Hochsensible medizinische Daten sind ungesichert im Netz gelandet – 13 000 Datensätze sind laut Recherchen deutschen Patienten zuzuordnen. (Symbolfoto) Foto: adam121 - stock.adobe.com/Khakimullin Aleksandr D9

Hochsensible medizinische Daten, unter anderem von Patienten aus Deutschland und den USA, sind einem Bericht des Bayerische Rundfunks zufolge auf ungesicherten Servern gelandet. In Deutschland sind laut Recherchen mehr als 13 000 Datensätze von Patienten betroffen, in mehr als der Hälfte sind Bilder enthalten.

München - Hochsensible medizinische Daten, unter anderem von Patienten aus Deutschland und den USA, sind einem Bericht zufolge auf ungesicherten Servern gelandet. Es gehe um die Daten mehrerer Millionen Patienten, wie der Bayerische Rundfunk am Dienstag nach Recherchen des Senders mit der US-Investigativplattform ProPublica berichtete. Auf die Unterlagen - etwa Brustkrebsscreenings, Wirbelsäulenbilder, Röntgenaufnahmen eines Brustkorbs oder Herzschrittmacher - hätte jeder zugreifen können, so der Bericht.

Fast alle Informationen sind personenbezogen

In Deutschland sind laut BR-Recherchen mehr als 13.000 Datensätze von Patienten betroffen, in mehr als der Hälfte sind Bilder enthalten. Sie waren demnach noch bis vergangene Woche zugänglich und stammen von mindestens fünf verschiedenen Standorten. Der größte Teil der Datensätze entfällt auf Patienten aus dem Raum Ingolstadt und aus Kempen in Nordrhein-Westfalen, wie die Recherchen ergaben.

Die Bilder seien hochauflösend und mit vielen Informationen versehen, fast alle davon personenbezogen: Geburtsdatum, Vor- und Nachname, Termin der Untersuchung und Informationen über den behandelnden Arzt oder die Behandlung selbst.

16 Millionen Datensätze sollen offen im Netz sein

Weltweit ist die Dimension demnach deutlich größer, Server auf der ganzen Welt seien ungeschützt. In rund 50 Ländern von Brasilien über die Türkei bis Indien sollen 16 Millionen Datensätze offen im Netz sein. Besonders betroffen seien Patienten aus den USA. Allein bei einem einzelnen Anbieter für radiologische Untersuchungen lagen nach einer Auswertung der US-Investigativplattform mehr als eine Million Datensätze von Patienten vor.

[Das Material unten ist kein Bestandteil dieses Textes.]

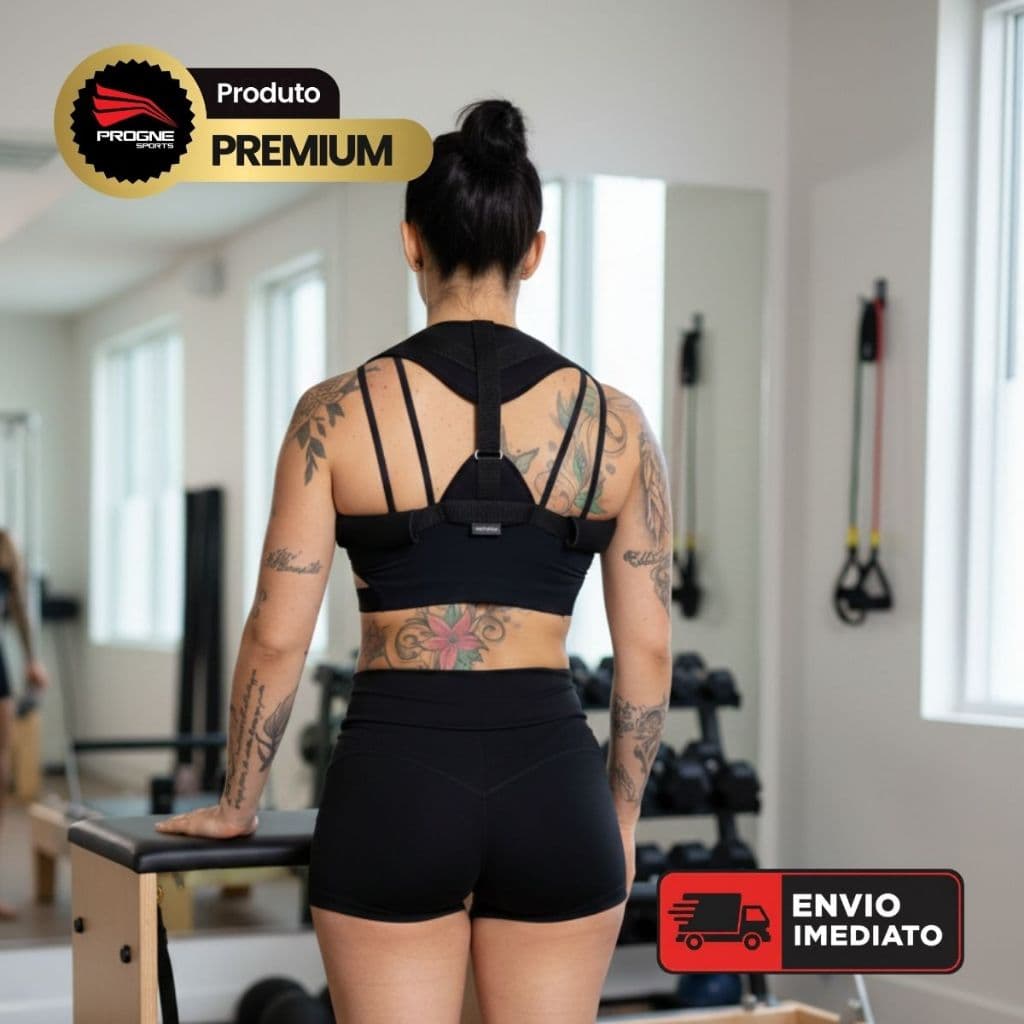 COLETE CORRETOR POSTURAL COLUNA CINTA REFORÇADA COM COMPRESSÃO E AJUSTE UNISSEX – PROGNE SPORTS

Wenn Patienten in einer MRT-Röhre untersucht werden, entstehen zwei- und dreidimensionale Bilder vom Körperinneren. Diese Bilder werden von den Geräten auf einen speziellen Server geschickt, der für die Bildarchivierung verwendet wird, ein so genanntes „Picture Archiving and Communication System“ (PACS), wie der BR weiter berichtete. Auch Röntgenaufnahmen und Bilder aus der Computertomographie landen demnach auf diesen Servern.

Zugriff erfolgt nahezu in Echtzeit

Sind die Server nicht ausreichend gesichert, sei es trivial, an die Daten heranzukommen, sagte der Experte für Informationssicherheit Dirk Schrader, dem Sender. Er habe die Investigativ- und Datenjournalisten des Bayerischen Rundfunks kontaktiert, nachdem er weltweit mehr als 2300 Rechner gefunden hatte, auf denen diese Datensätze lagen.

Schrader spricht von einem „near realtime-access“, einem Zugriff nahezu in Echtzeit. „Bei den Systemen, die ich überprüft habe, hatte ich den Eindruck, dass ich im Zweifelsfall sogar in der Lage wäre, früher als der Arzt auf das Bild zuzugreifen“, sagte er.

Datenschützer sieht „verheerenden ersten Eindruck“

Journalisten von BR Recherche/BR Data vollzogen das Vorgehen von Schrader nach, wie der Sender mitteilte. Es seien auch stichprobenartig Betroffene kontaktiert worden, um die Echtheit der Daten zu bestätigen.

Der Bundesbeauftragte für Datenschutz, Ulrich Kelber, sprach von einem „verheerenden ersten Eindruck“, als ihm die Reporter einen Patientendatensatz in anonymisierter Form zeigen. Er warnt vor möglichen Folgen: „Sie möchten nicht, dass ein Arbeitgeber, ein Versicherungskonzern, eine Bank diese Daten kennt und ihnen keinen Vertrag oder keinen Kredit gibt.“ Diese Daten gehörten „nicht in die Hände Dritter“.

Der Bericht zu dem leichtfertigen Umgang mit Patientendaten soll am Dienstagabend um 21.45 Uhr in der Sendung „report München“ ausgestrahlt werden.